Valor Econômico
Decisão final depende de uma definição do presidente Lula
O governo do presidente Luiz Inácio Lula da
Silva discute a saída do líder do governo no Senado, Jaques Wagner (PT), do
cargo, e parte do Palácio do Planalto defende essa posição. A decisão final, no
entanto, espera uma definição do presidente Luiz Inácio Lula da Silva, o que
ainda não aconteceu.
A discussão ocorre após o líder do governo ter sido alvo da 9ª fase da Operação Compliance Zero, deflagrada hoje. De acordo com as investigações, Wagner teria atuado em temas de interesse do Banco Master no Congresso, como crédito consignado, Fundo Garantidor de Crédito (FGC) e a aquisição da instituição pelo Banco de Brasília (BRB), segundo a Polícia Federal (PF).
As ações estão detalhadas na decisão do
ministro do Supremo
Tribunal Federal (STF) André Mendonça, que autorizou
as medidas de busca e apreensão da operação da PF. Segundo o ministro, a PF
descreveu conversas por telefone e por mensagens entre Wagner e o ex-sócio
de Daniel Vorcaro no
Master, Augusto Ferreira Lima,
que indicam que o senador não seria “mero destinatário passivo de informações,
mas interlocutor relevante em temas sensíveis ao grupo econômico investigado”.
Diante da ação deflagrada, o governo ainda
monitora a situação e analisa seus impactos políticos, especialmente em torno
do presidente, a poucos meses da eleição presidencial. Por conta disso, a saída
de Jaques está sendo debatida, mas sem decisão tomada. Porém, pelo risco
negativo à imagem do governo e a Lula, parte da gestão defende sua saída.

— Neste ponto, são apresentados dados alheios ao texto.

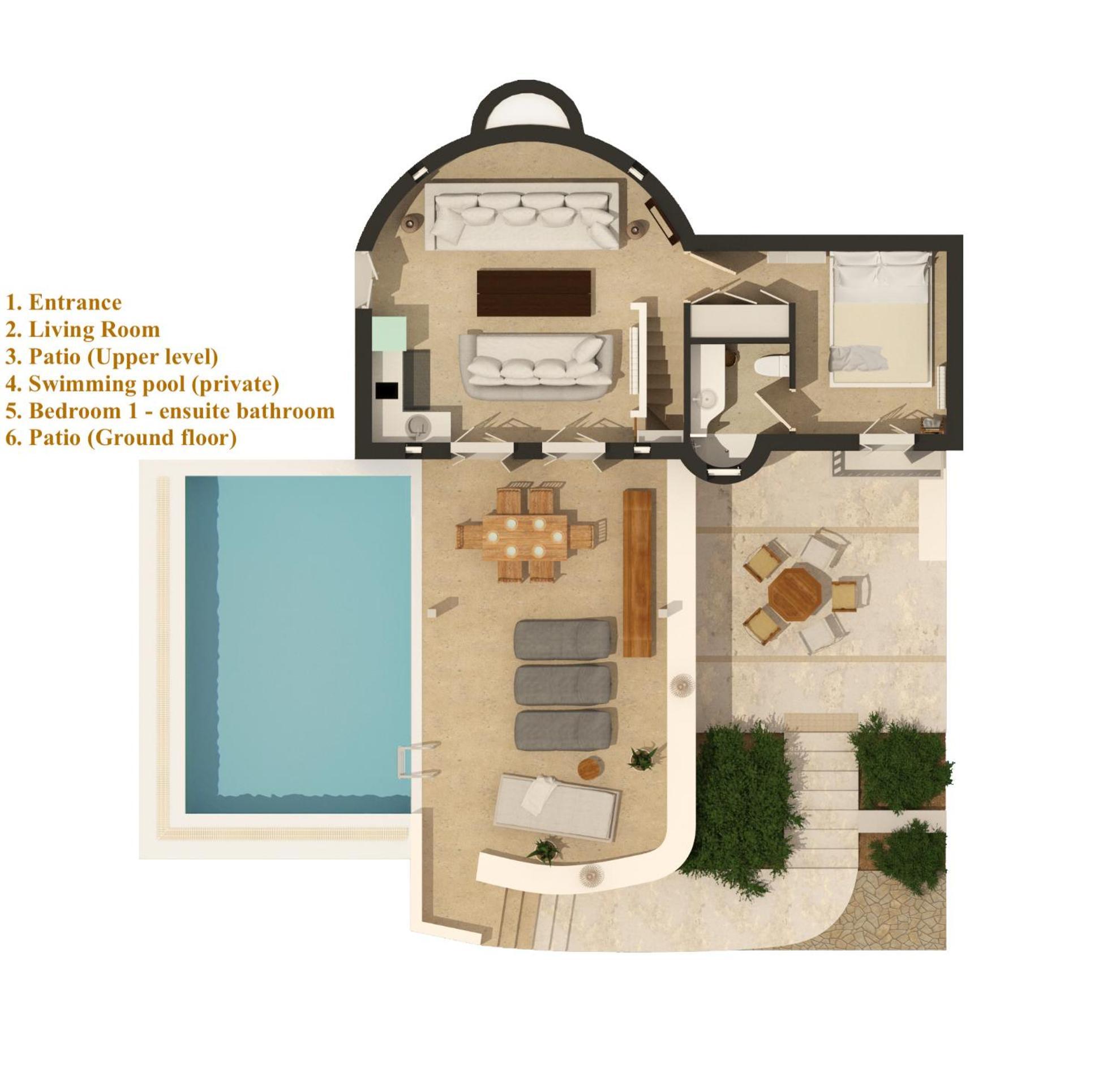 Ocean Blue By Llb - In 6min Walking Pousada Mykonos Town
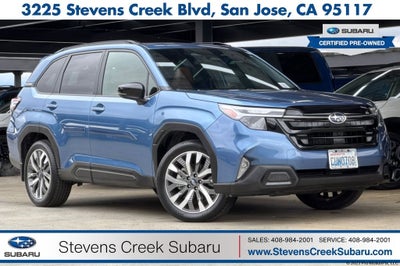 2025 Subaru Forester Touring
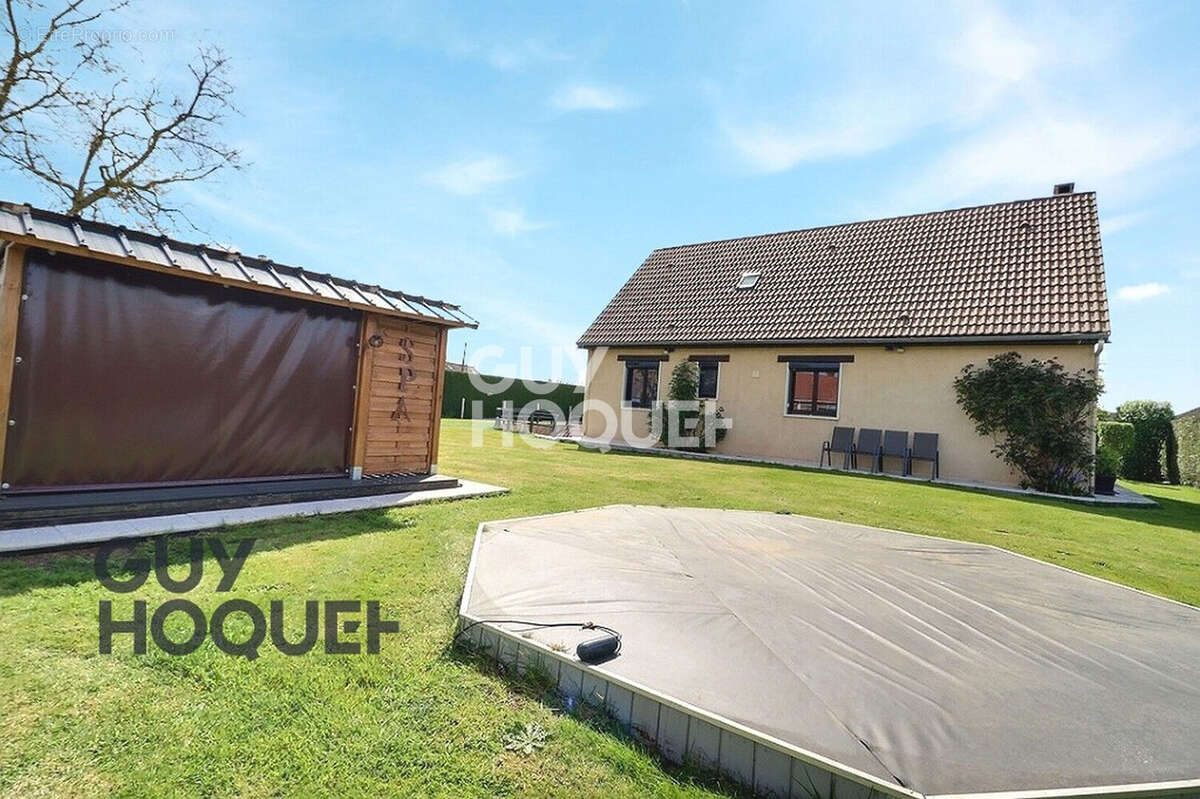 Maison à BERNAY
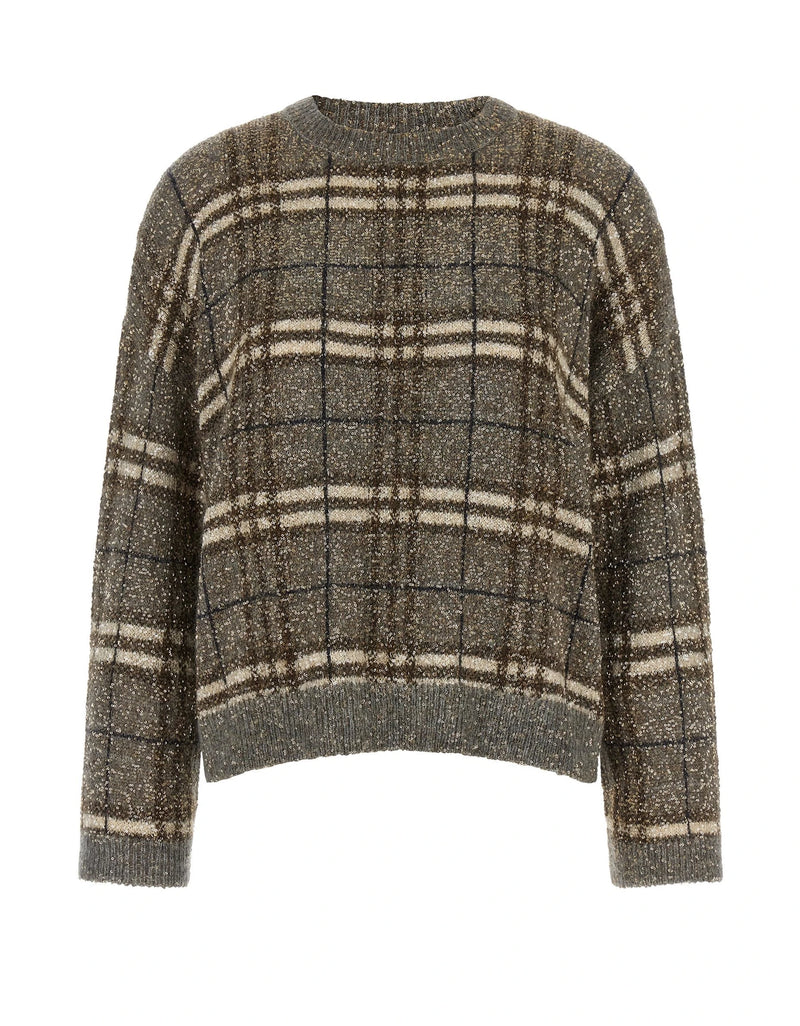 Brunello Cucinelli Sweater in multicolor, Polyamide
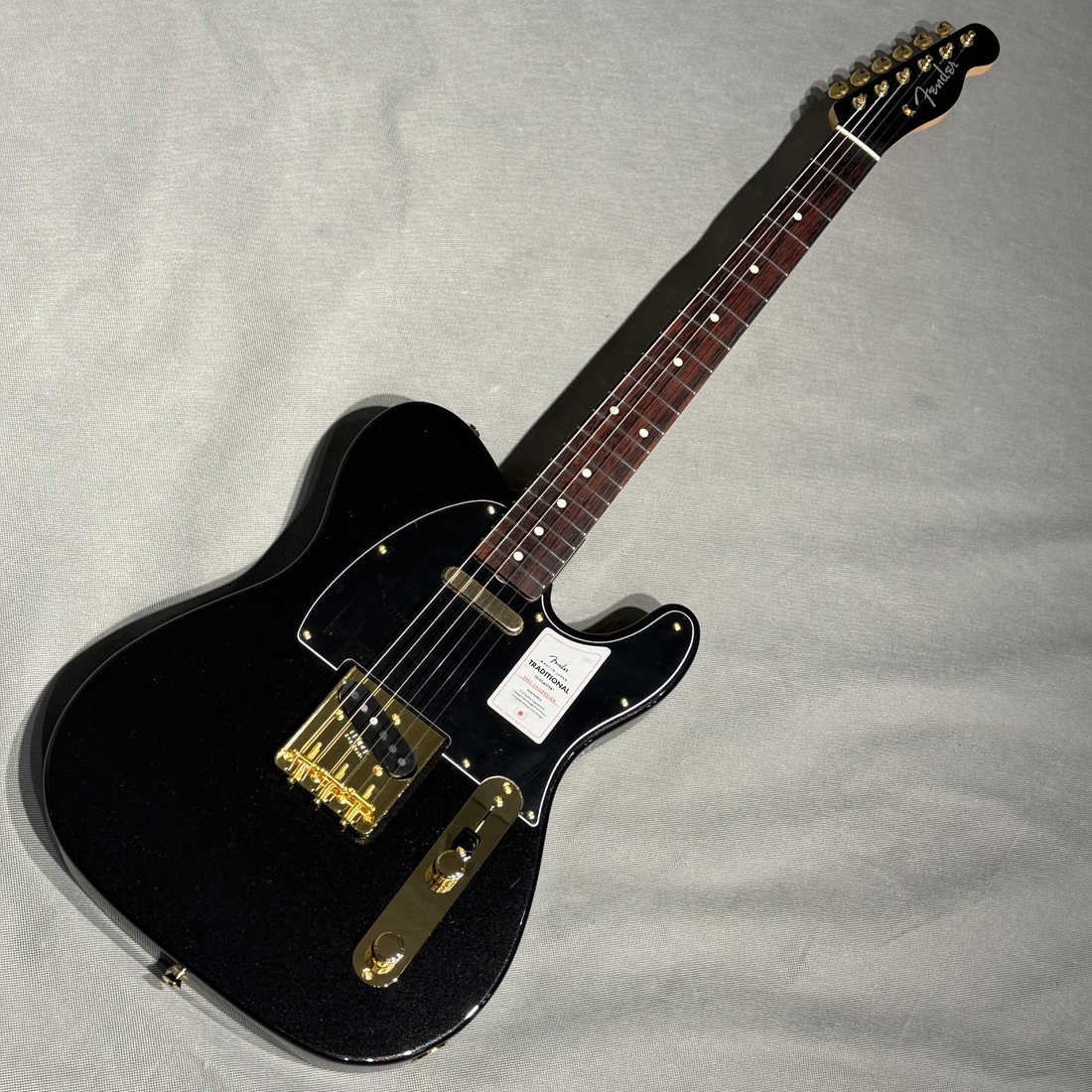 ブラックフライデー FenderTelecasterCustome Sシリーズ Fender Made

Lula chegou a Brasília nesta madrugada e,
segundo fontes, ainda não se reuniu com ministros para tratar de uma definição
do assunto. O chefe das Relações
Institucionais, José
Guimarães, cumpre agendas hoje em Sergipe. Ele era líder do
governo na Câmara, mas deixou o cargo para chefiar a pasta do Planalto.
Mesmo que os desdobramentos do caso ainda
estejam sendo calculados pela gestão federal, o governo e o PT reiteram que
continuarão a defender a manutenção das investigações envolvendo o Banco
Master. Em discursos, Lula vem defendendo as apurações envolvendo a instituição
financeira e reforçado que a PF tem autonomia nas ações. A tendência é que o
posicionamento do chefe do Executivo permaneça no mesmo estilo, mesmo com a
operação de hoje.
O presidente nacional do PT, Edinho Silva,
defendeu, mais cedo, o líder do governo no Senado. Em nota, Edinho disse que
apoia as investigações, mas que Jaques é "depositário de toda nossa
confiança".
“Apoiamos todas as apurações envolvendo o
Banco Master, a sociedade tem o direito de saber a verdade. Os crimes cometidos
precisam ser apurados e os responsáveis penalizados. Nesse processo de
investigação e apuração, temos confiança que o Jaques Wagner esclarecerá todos
os fatos, comprovando a sua inocência”, afirmou.